DESCRIPTION OF THE TASK —
In the records below, the relevant part opens with the line containing "2 PACK: Men’s" and closes with the line containing "Lucky Brand weekend"; print that part exactly and only, without its pictures.

DATA TO PROCESS —
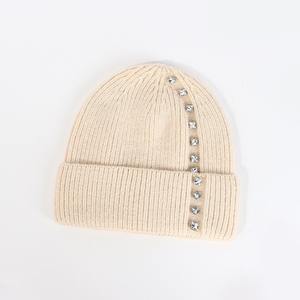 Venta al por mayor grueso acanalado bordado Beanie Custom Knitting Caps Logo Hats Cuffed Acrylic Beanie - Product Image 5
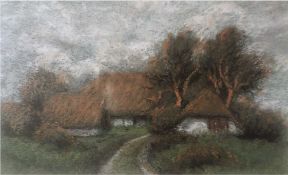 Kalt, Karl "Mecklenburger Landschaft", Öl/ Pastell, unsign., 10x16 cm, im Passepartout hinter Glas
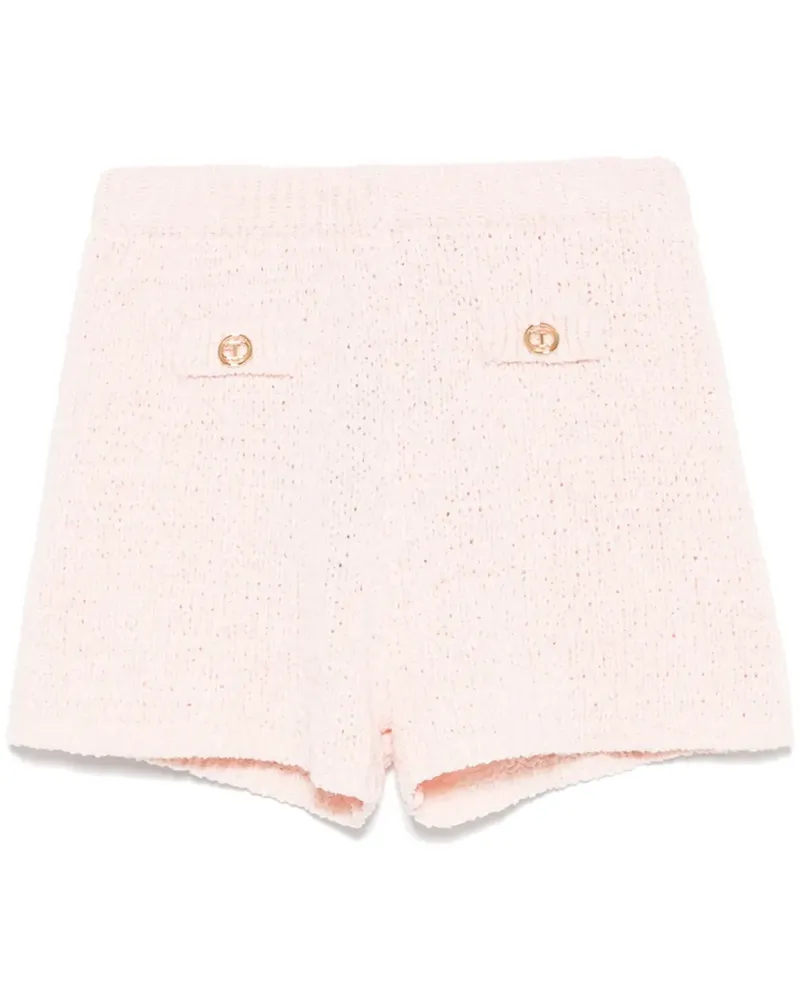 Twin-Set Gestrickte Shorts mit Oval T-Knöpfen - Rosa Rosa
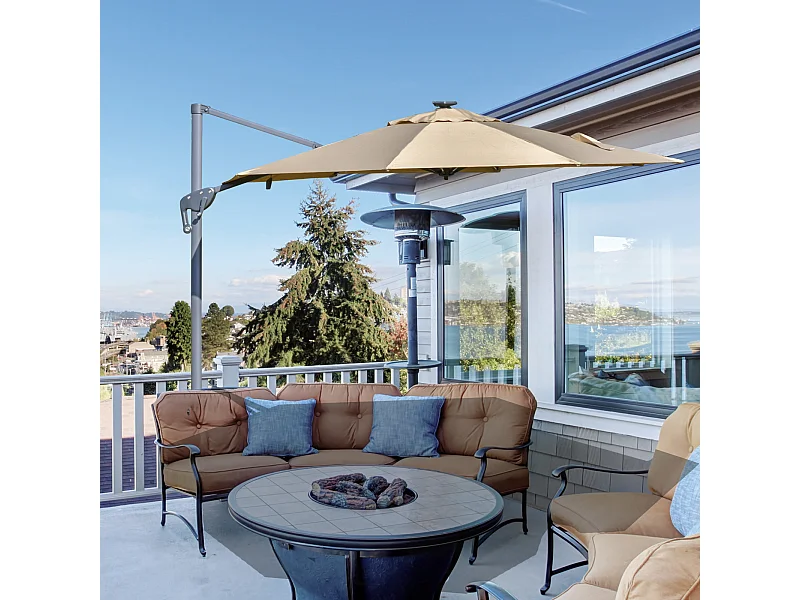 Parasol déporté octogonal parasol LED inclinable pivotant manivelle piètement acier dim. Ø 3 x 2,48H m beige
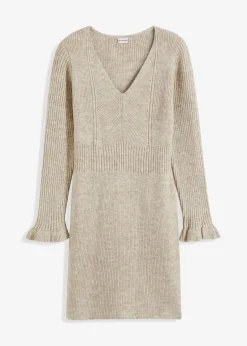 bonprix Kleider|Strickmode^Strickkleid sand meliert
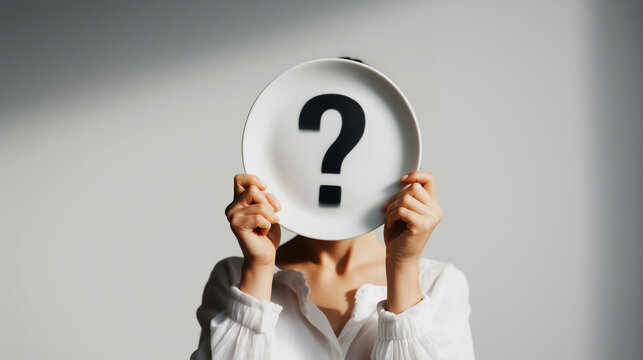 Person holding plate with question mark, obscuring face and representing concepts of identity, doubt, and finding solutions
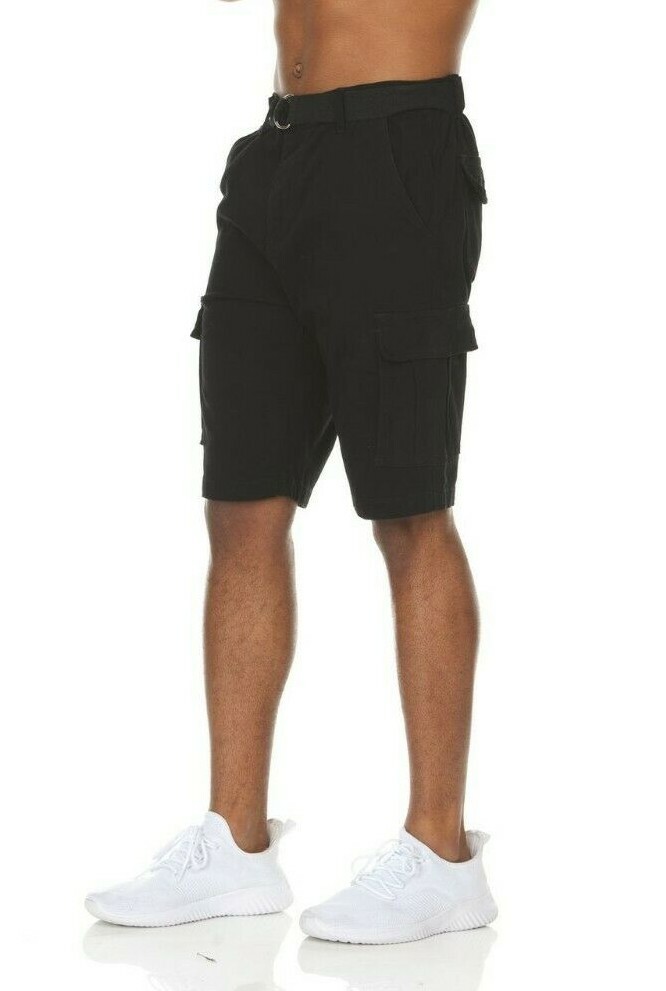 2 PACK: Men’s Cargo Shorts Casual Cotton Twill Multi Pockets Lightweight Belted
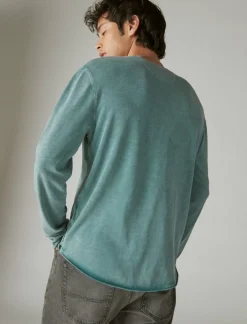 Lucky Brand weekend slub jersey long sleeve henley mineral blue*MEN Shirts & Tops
...
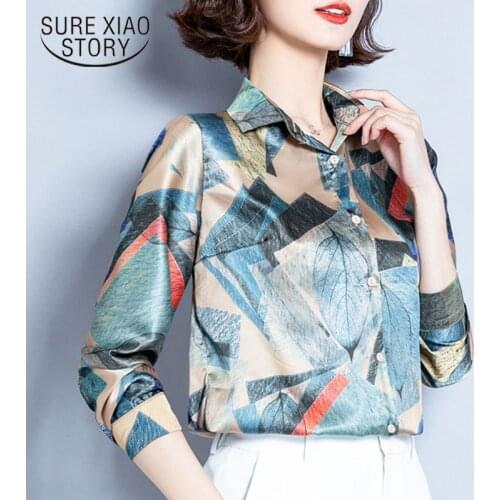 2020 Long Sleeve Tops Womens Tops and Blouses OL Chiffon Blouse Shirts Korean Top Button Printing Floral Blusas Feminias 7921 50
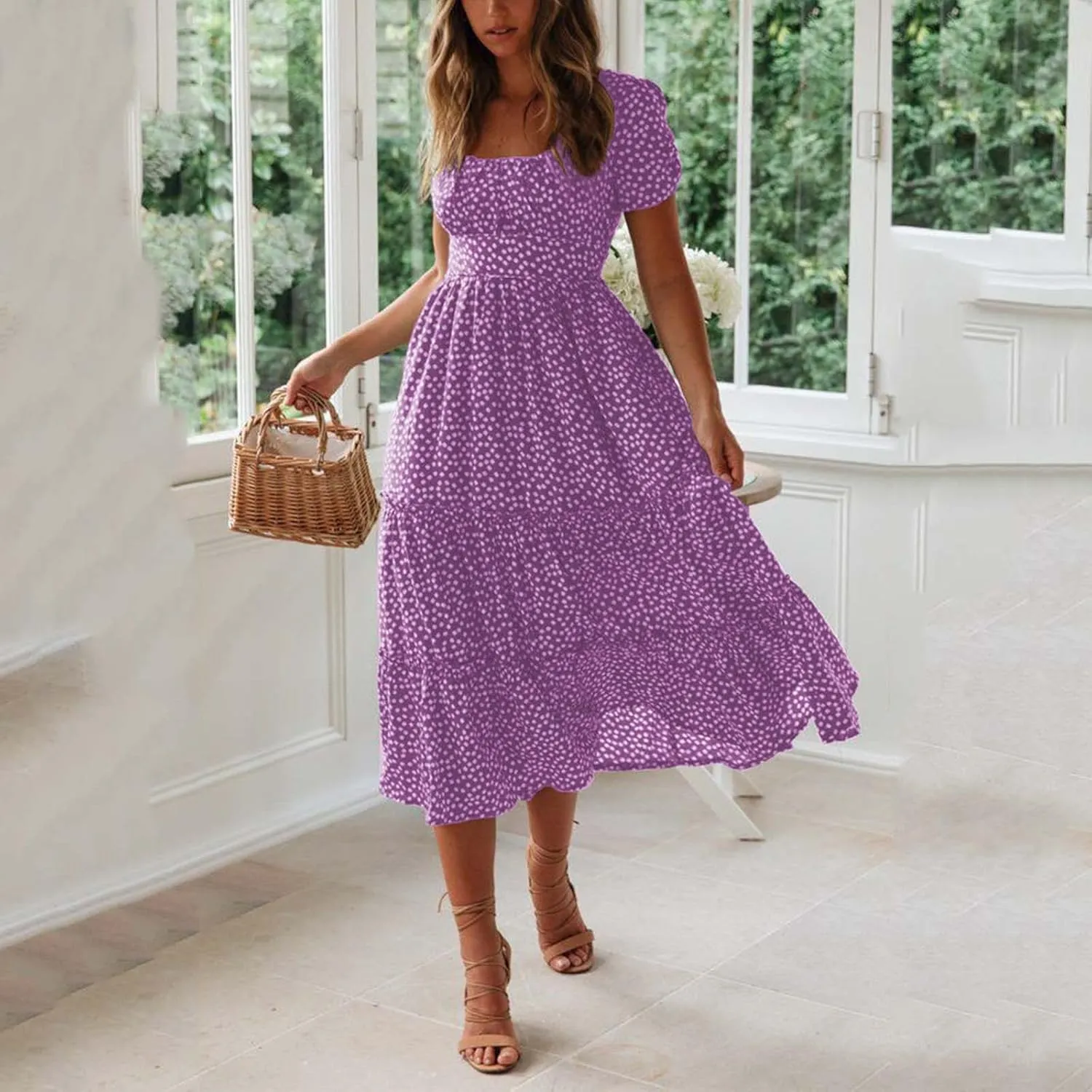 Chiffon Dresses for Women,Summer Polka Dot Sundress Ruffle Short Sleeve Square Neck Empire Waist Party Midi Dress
--
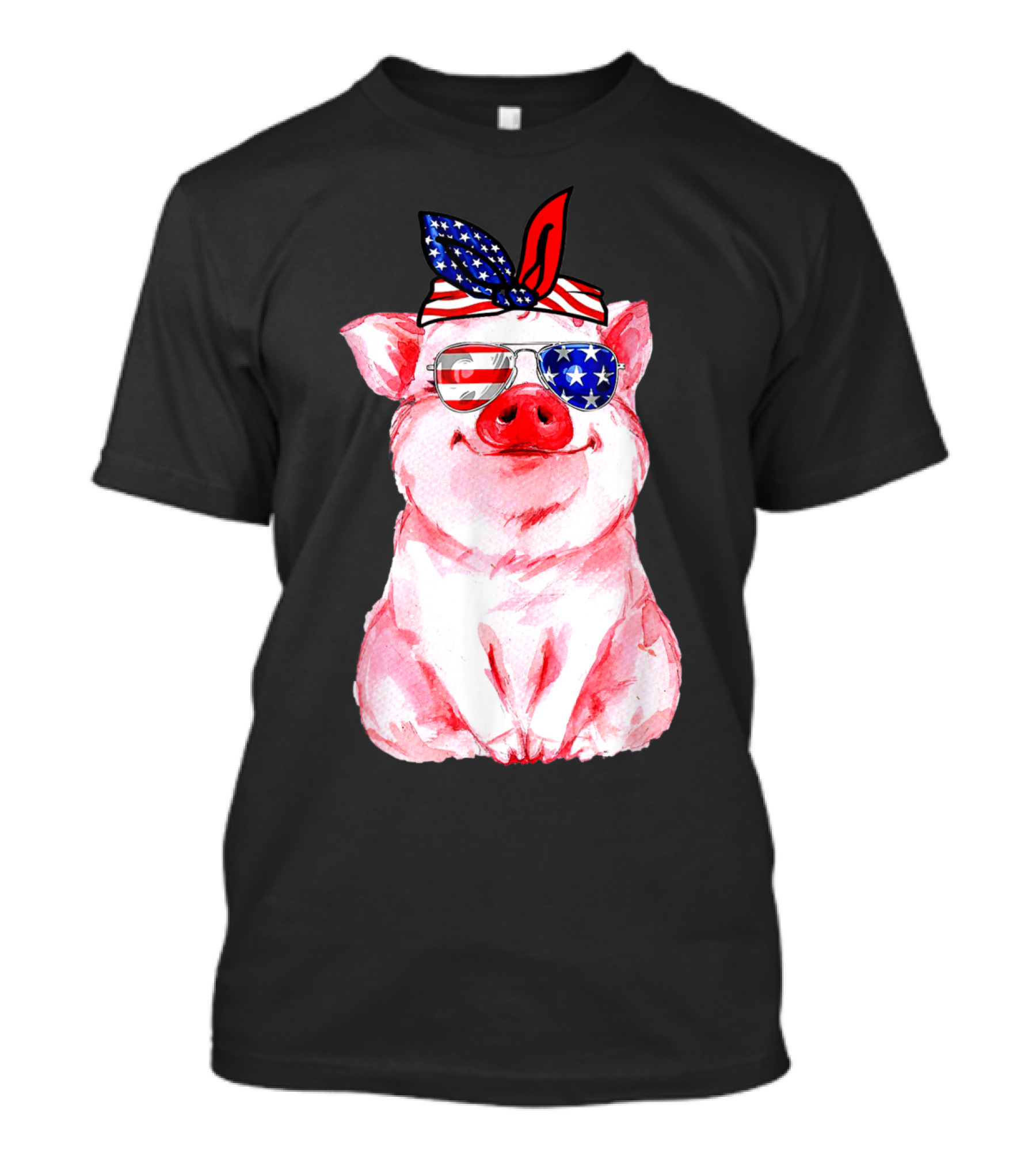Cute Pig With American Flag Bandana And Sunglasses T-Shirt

SOLUTION TO THE EXERCISE —
 2 PACK: Men’s Cargo Shorts Casual Cotton Twill Multi Pockets Lightweight Belted
 Lucky Brand weekend slub jersey long sleeve henley mineral blue*MEN Shirts & Tops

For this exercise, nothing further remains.